「早稲田の1番をピッチャーにつけさせるなんて」斎藤佑樹は巻き起こる批判にも負けずさらなる進化を目指した (2ページ目)

  • 石田雄太●文 text by Ishida Yuta
  • photo by Sankei Visual

 プロに入ってからの僕は、この時の映像を参考にしていました。よく「高校時代の映像は見るんですか」と聞かれましたが、僕が見ていたのは大学1年の秋の映像です。見るたびに自然に動く肩甲骨と同時に、長髪だった自分が気になって、「なぜあの頃のオレはこんなに髪が長かったんだ」と、いつも思っていました。その理由は謎のままなんですが(笑)。

【應武監督の見極める力】

 大学野球では春のリーグ戦で優勝すると全日本大学野球選手権に、秋のリーグ戦で優勝すると明治神宮大会に出場できます。神宮大会といえば早実2年の秋に一度、高校の部に出場しました。準決勝で駒大苫小牧に負けた、あの時です。

 今回は大学の部へ出場することになったのですが、決勝で東洋大に負けてしまいました。相手の先発は、その年のドラフトの目玉と言われた大場翔太さん(のちにホークス)で、僕らは完璧に抑えられました(早稲田が打ったヒットは2本、奪われた三振は10個、完封を喫した)。

 僕と大場さんは、どちらも決勝戦で3連投になっていました。僕も6回までを被安打1、無失点で抑えていたんです。それが6回裏、代打を送られて交代となりました。0−0の試合はその後、均衡が破られ、最後は0−2で東洋大に優勝を持っていかれました。

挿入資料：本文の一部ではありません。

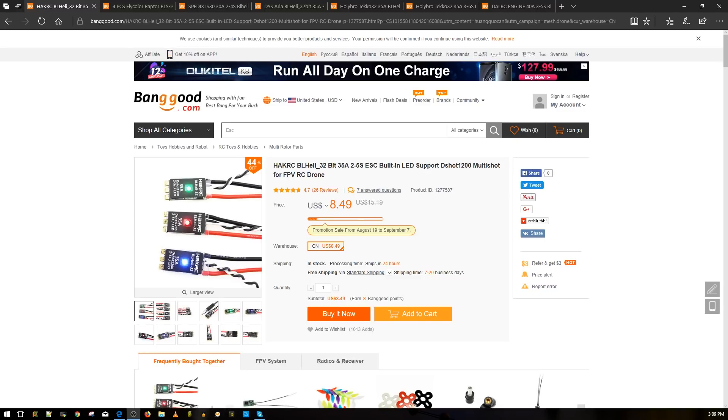Hi guys, welcome back to the channel. Today we're going to be taking a look at the ultimate ESC shopping list. This list consists of all the ESCs I've tested and what I consider to be some of the best ESCs out there. There could be better ESCs out there, but it's not going to be by much. I'll be showing you each ESC and its testing result, how good it is, and comparing it with the next level up in terms of price or class.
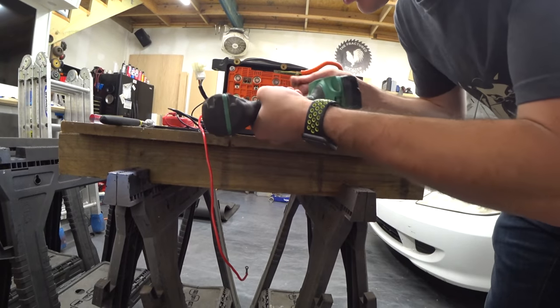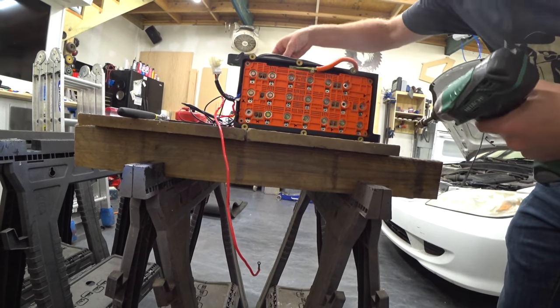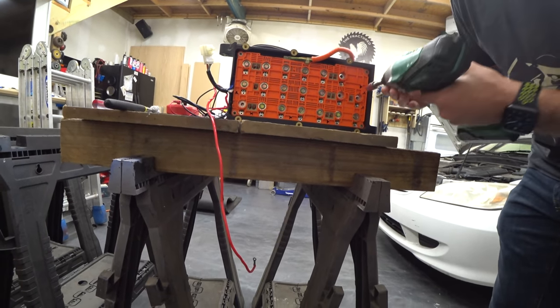I don't know why somebody even tried using a Phillips when you could clearly do this with an impact in seconds. Back to the 10 — pull the batteries.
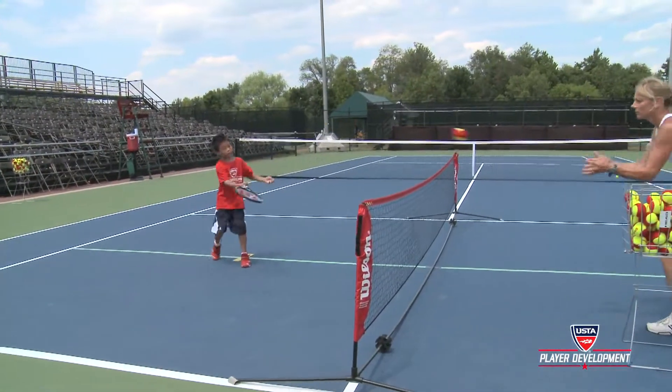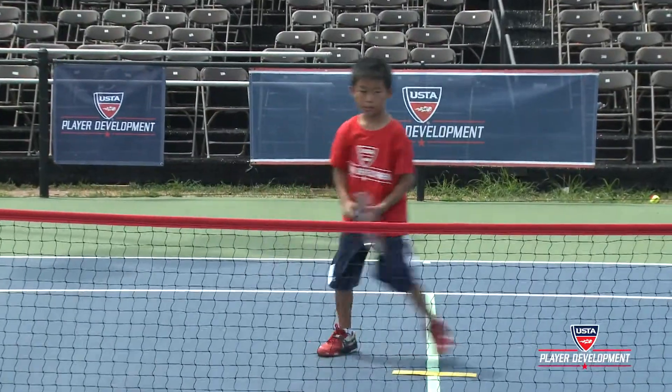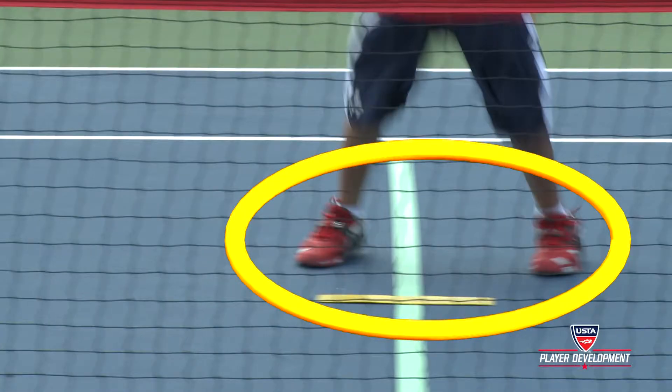When the player is able to execute the basic volley technique and footwork, the split step should be added to the beginning of the sequence.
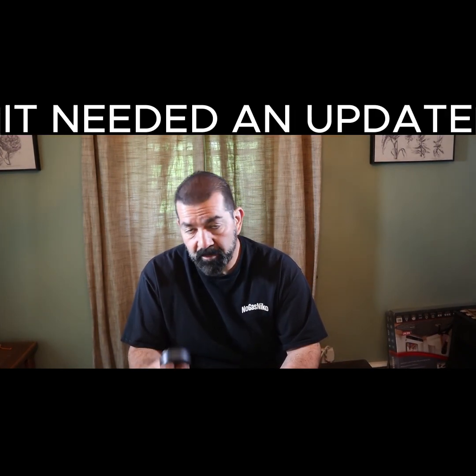It seems pretty straightforward. There are also instructions for doing a firmware upgrade — in case the device needs to be updated, you can connect it via Wi-Fi to your iPhone and go to the internet to do an update. I'm going to attempt the update first because I don't want to install this in the car only to find it's not working.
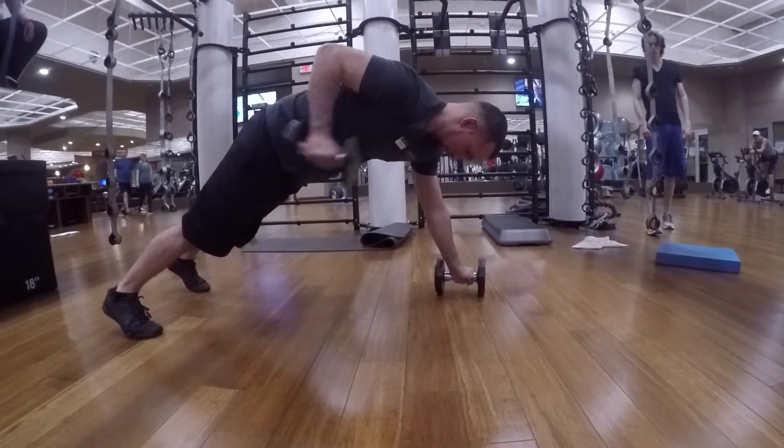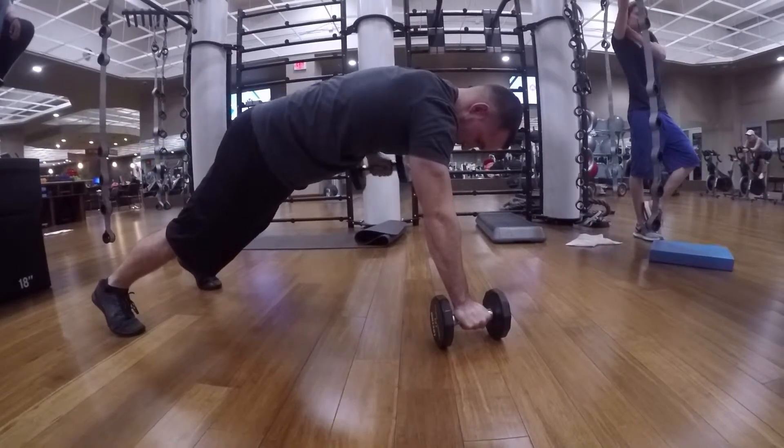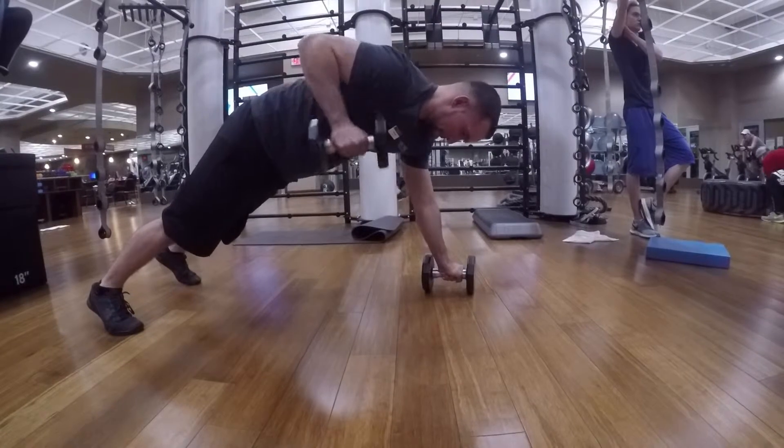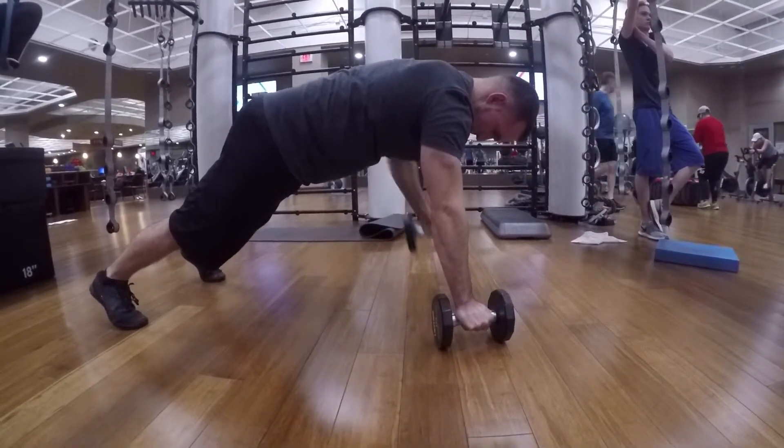Renegade Row to Tricep Extension. This exercise is working your back, your abs, your lower back, your triceps. It's working out so many different stabilizing muscles in your core. What a great exercise.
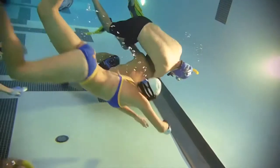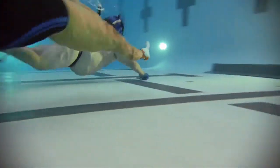Underwater hockey rocks. It's an energetic sport. It's a great way to stay in shape. I know it sounds crazy but it's actually a hell of a lot of fun.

 当時、相手の大場さんにも、ほかのいろんな人にも「なぜあそこで代わったの」と聞かれました。たしかに数字だけを見れば6回までの僕のピッチングはスライダーとツーシームを交えながら、ストレートもまあまあのスピードが出ていて(最速は143キロ)、大場さんに勝るとも劣らない、いい内容だったと思います。

 でも自分のなかではあの時、6回でいっぱいいっぱいだったんです。東洋大の打線もよかったので、気を遣いながらコーナーを丁寧に突いていかなければなりませんでした。

 そんな感じで気を張って投げていたので、6回で代えてもらってよかったなと、正直、ちょっとホッとした感覚があったんです。大場さんのように、3連投で完封なんて馬力はありませんでした。だから僕としては「なぜ代えたんだ」ではなく、「よく見抜いたよね、すごいな」という思いが先に立っていました。